─── Data excerpt

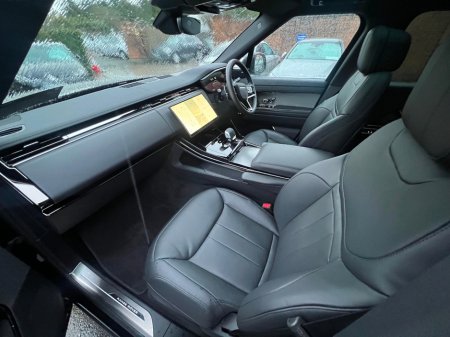 2025 Land Rover Range Rover Sport P460E PHEV 3.0 EDITION *LOW KMS* €119,950 thumbnail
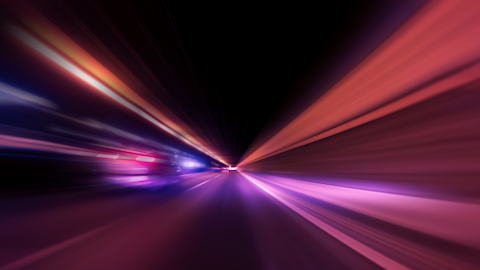 Farbige Lichtspuren von Autos in einem Tunnel – Symbol für Geschwindigkeit und Innovation auf der IAA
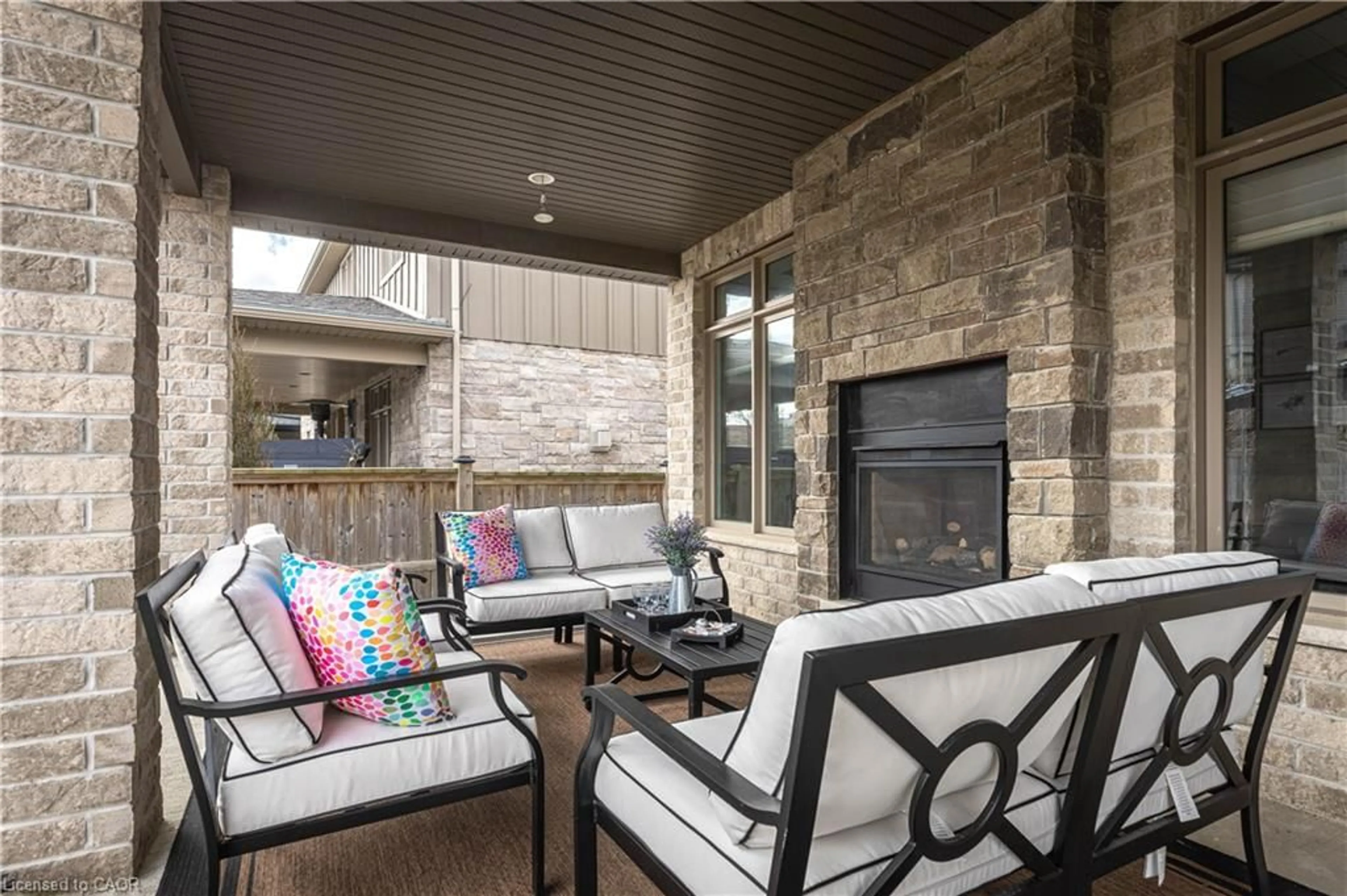 Patio, street for 2719 Torrey Pines Way, London Ontario N6G 0K5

──────

What you are asked to do. Give the lines from the one containing "Farbige Lichtspuren von" through the last line of the material again, exactly and with no pictures, both ends included.

Solution for this problem.
 Farbige Lichtspuren von Autos in einem Tunnel – Symbol für Geschwindigkeit und Innovation auf der IAA
 Patio, street for 2719 Torrey Pines Way, London Ontario N6G 0K5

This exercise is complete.